Data entries:
****************

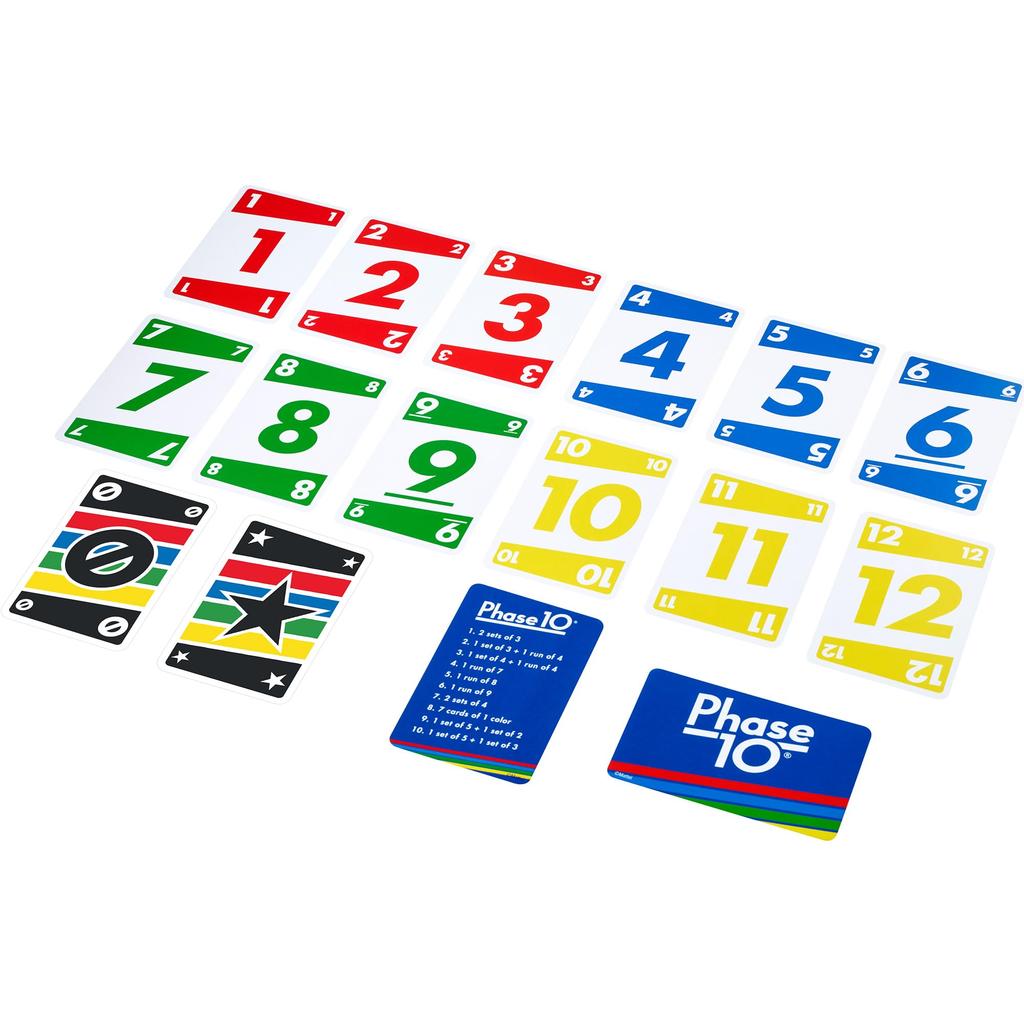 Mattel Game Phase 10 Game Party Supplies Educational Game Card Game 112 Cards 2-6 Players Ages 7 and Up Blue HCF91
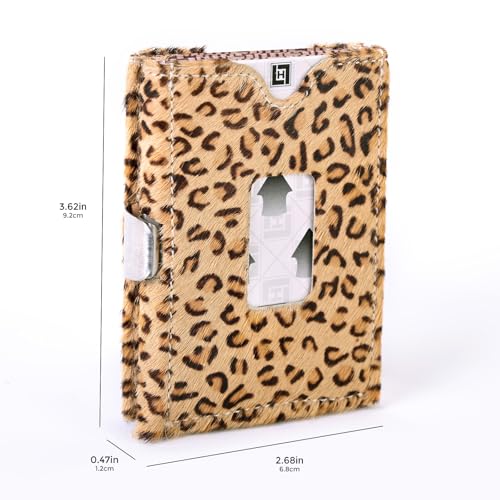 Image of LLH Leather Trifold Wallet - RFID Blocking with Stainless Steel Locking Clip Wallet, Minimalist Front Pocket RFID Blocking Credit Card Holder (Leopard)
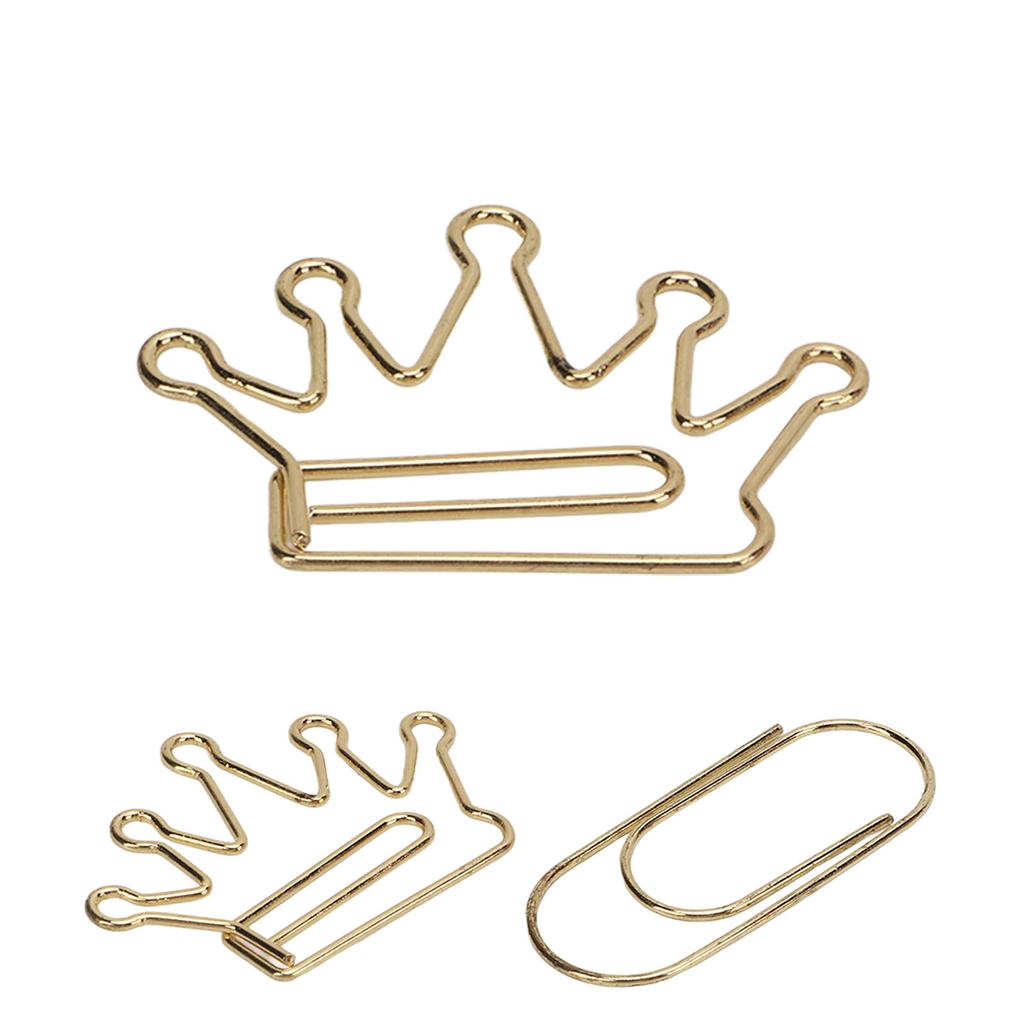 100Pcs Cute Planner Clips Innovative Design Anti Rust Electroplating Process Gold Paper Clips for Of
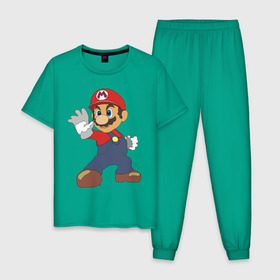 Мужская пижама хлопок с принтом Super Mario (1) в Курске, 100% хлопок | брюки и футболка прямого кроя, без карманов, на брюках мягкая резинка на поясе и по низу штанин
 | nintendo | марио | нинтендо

****************

» **INSTRUCTIONS FOR THE TASK**
In the records above, find the line containing "100Pcs Cute Planner" and output every line from the first through that one, exactly, omitting pictures.

» **WRITTEN ANSWER**
 Mattel Game Phase 10 Game Party Supplies Educational Game Card Game 112 Cards 2-6 Players Ages 7 and Up Blue HCF91
 Image of LLH Leather Trifold Wallet - RFID Blocking with Stainless Steel Locking Clip Wallet, Minimalist Front Pocket RFID Blocking Credit Card Holder (Leopard)
 100Pcs Cute Planner Clips Innovative Design Anti Rust Electroplating Process Gold Paper Clips for Of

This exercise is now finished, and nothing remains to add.